Given entries:
============
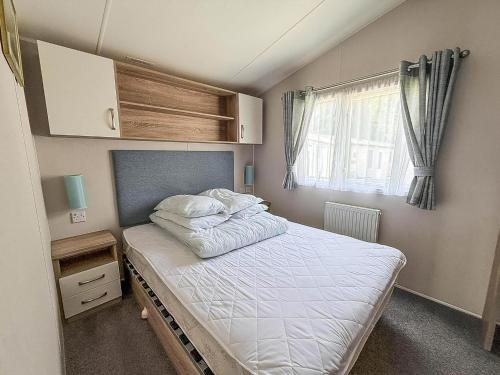 a small bedroom with a bed and a window at 6 Berth Caravan With Stunning Sea Views And Decking To Relax On, Ref 32048Az in Lowestoft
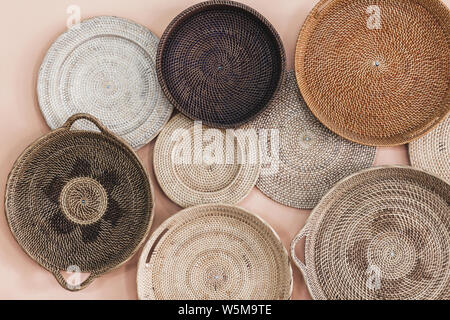 Wall decorated with different wicker handmade trays and baskets. Eco style and concept, Moroccan culture. Stock Photo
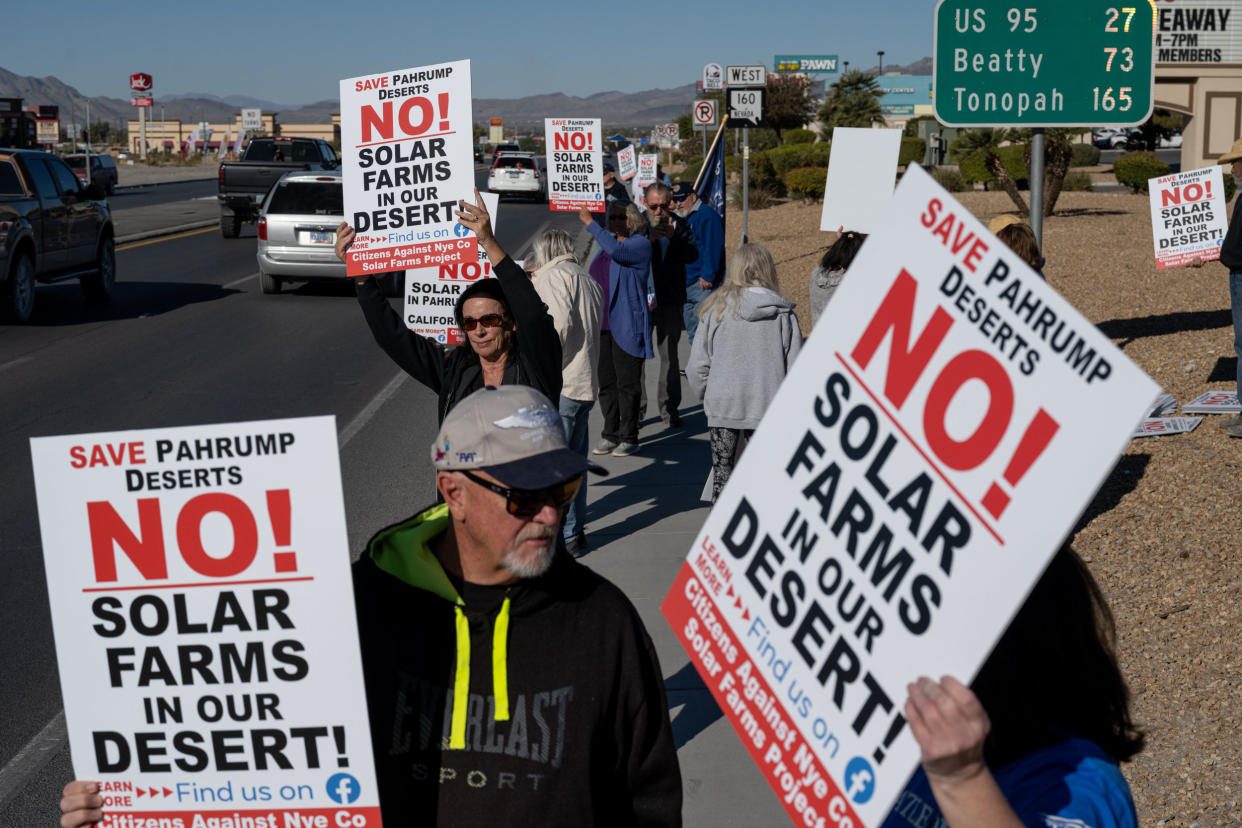 Attendees hold signs at a rally to protest solar development in Pahrump, Nev., on Nov. 27, 2021. (Bridget Bennett for NBC News)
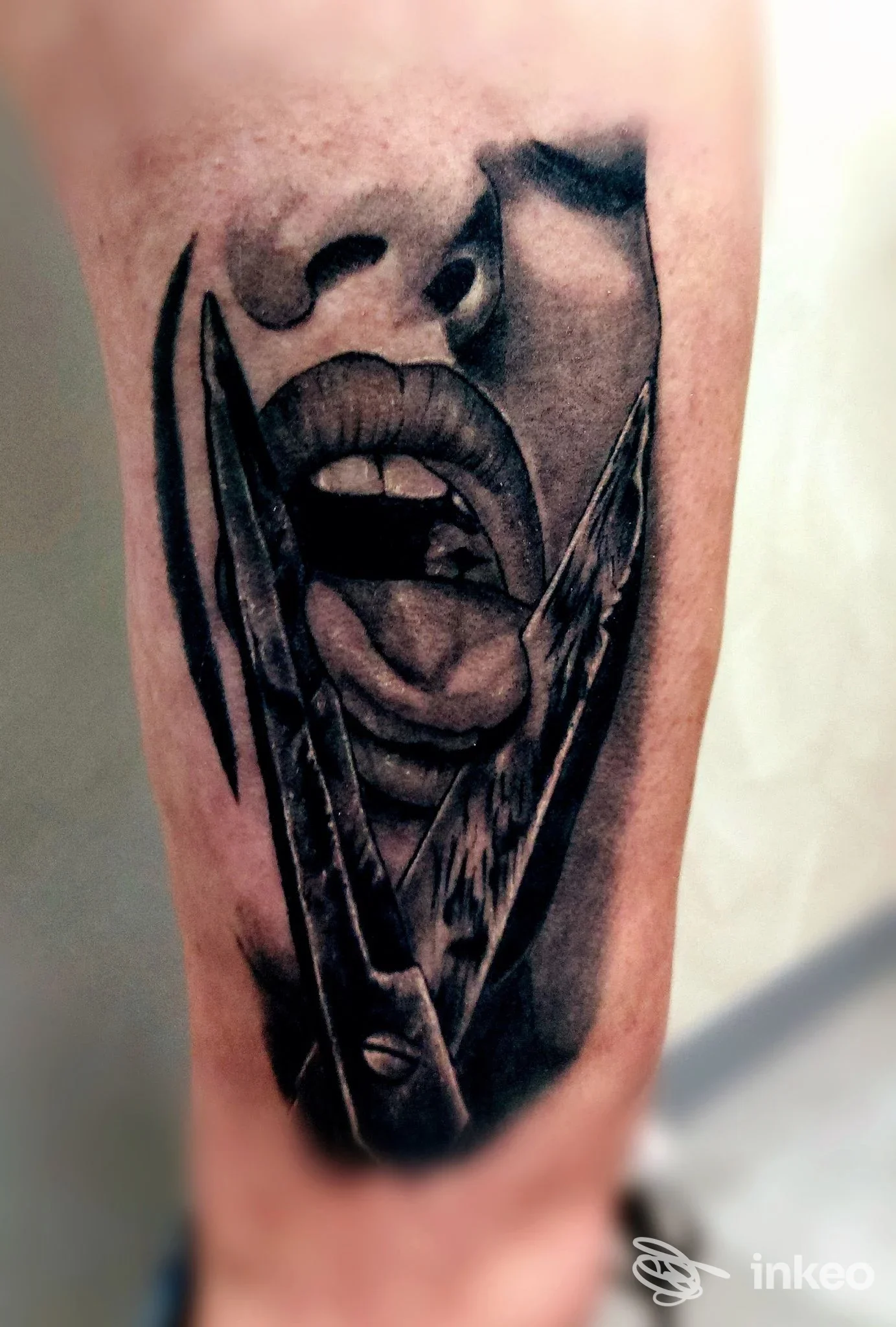 Tatuaggio realistico in bianco e nero di bocca e lingua su avambraccio, opera di Raf Tattoo a Romagnano Sesia.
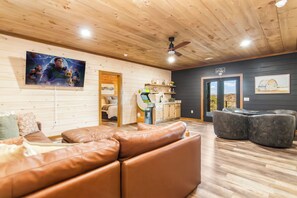 Ein gemütliches Wohnzimmer mit einem braunen Ledersofa, einem grauen Hocker und einer Holzbalkendecke mit Deckenventilator.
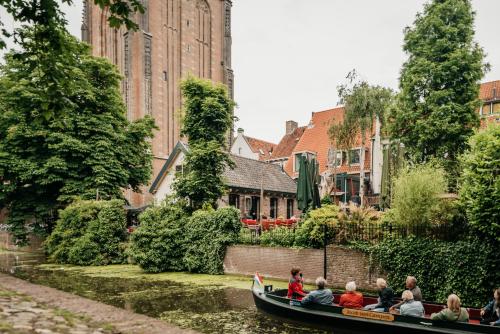 people riding on a boat down a river at Long John's Hotel in Amersfoort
============
Take the line with "Tatuaggio realistico in" and each line after it through the end of the material above, and reproduce them exactly, without the pictures.

 Tatuaggio realistico in bianco e nero di bocca e lingua su avambraccio, opera di Raf Tattoo a Romagnano Sesia.
 Ein gemütliches Wohnzimmer mit einem braunen Ledersofa, einem grauen Hocker und einer Holzbalkendecke mit Deckenventilator.
 people riding on a boat down a river at Long John's Hotel in Amersfoort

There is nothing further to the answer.